# YOUR INSTRUCTIONS:
In the material below, the required lines run from the one containing "A car is parked on the side of the road." through the one containing "by Costa Papastephanou)". Copy those lines exactly, ends included, and nothing else.

# GIVEN DATA:
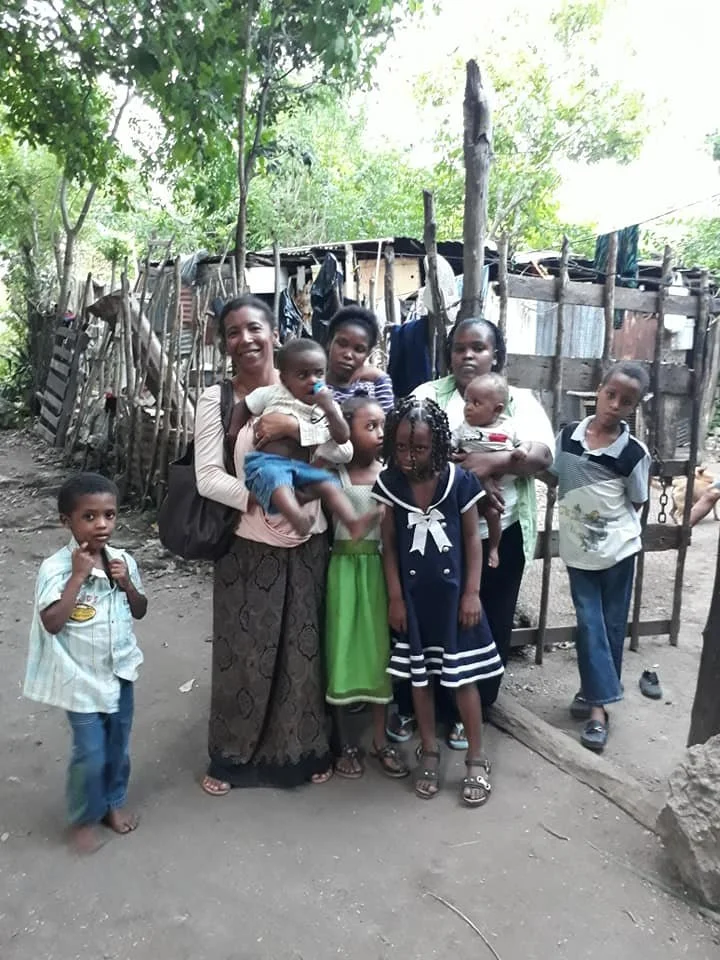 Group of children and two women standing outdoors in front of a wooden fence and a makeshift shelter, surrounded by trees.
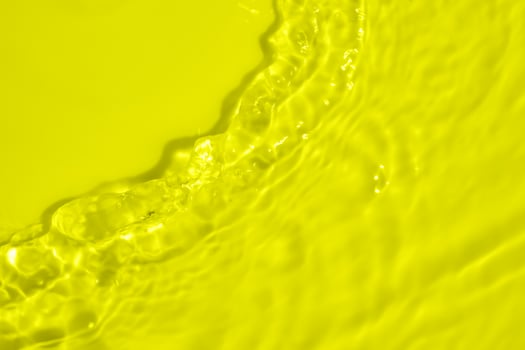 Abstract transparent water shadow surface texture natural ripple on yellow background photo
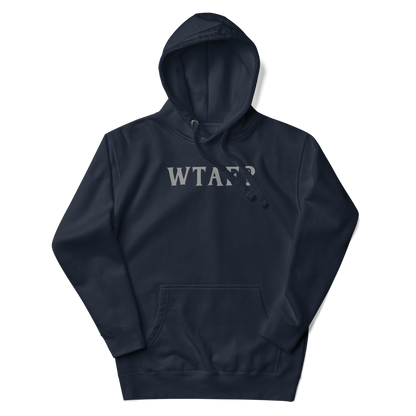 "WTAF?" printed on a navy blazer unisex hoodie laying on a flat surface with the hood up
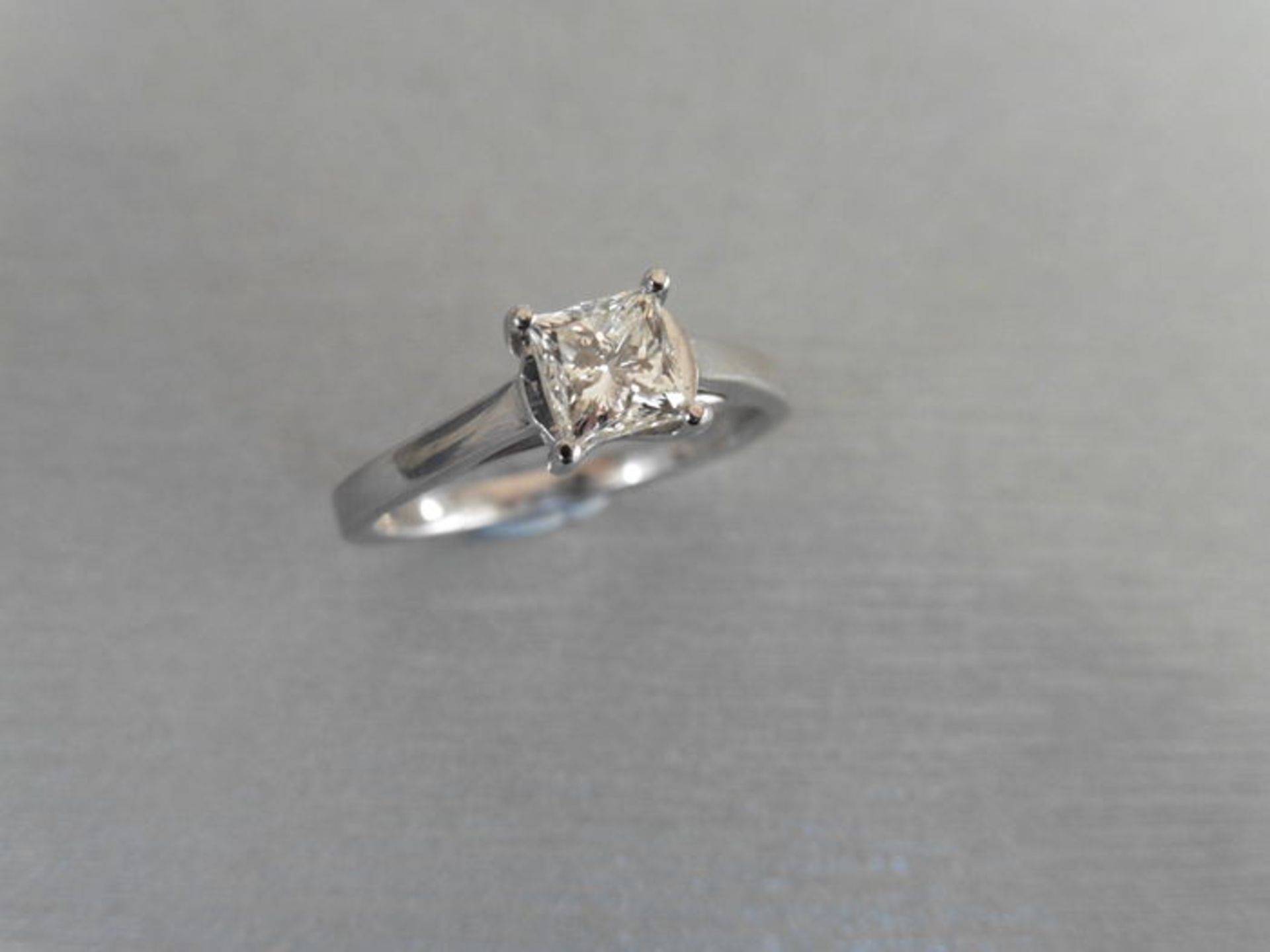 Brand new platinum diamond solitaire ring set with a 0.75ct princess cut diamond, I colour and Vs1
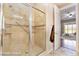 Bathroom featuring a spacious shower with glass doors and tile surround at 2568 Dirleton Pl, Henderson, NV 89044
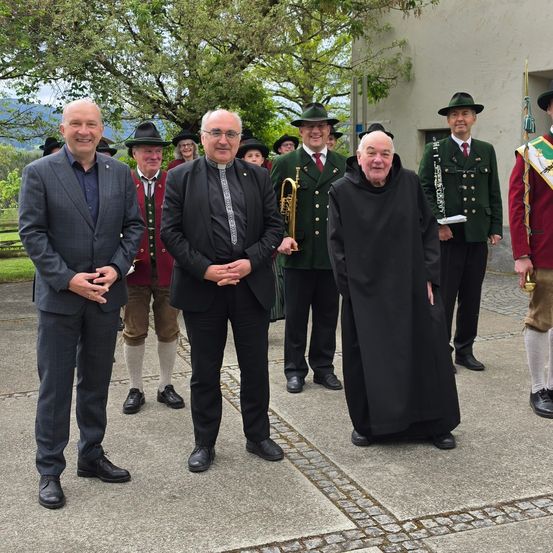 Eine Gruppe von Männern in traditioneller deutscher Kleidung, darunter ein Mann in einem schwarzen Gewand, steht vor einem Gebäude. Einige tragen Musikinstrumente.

* * *

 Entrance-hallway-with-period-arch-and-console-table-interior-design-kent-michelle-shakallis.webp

==

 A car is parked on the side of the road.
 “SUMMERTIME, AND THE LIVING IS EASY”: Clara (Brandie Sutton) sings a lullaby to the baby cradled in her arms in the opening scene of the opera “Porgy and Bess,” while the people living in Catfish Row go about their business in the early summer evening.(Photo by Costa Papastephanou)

# RESPONSE TO THE TASK:
 A car is parked on the side of the road.
 “SUMMERTIME, AND THE LIVING IS EASY”: Clara (Brandie Sutton) sings a lullaby to the baby cradled in her arms in the opening scene of the opera “Porgy and Bess,” while the people living in Catfish Row go about their business in the early summer evening.(Photo by Costa Papastephanou)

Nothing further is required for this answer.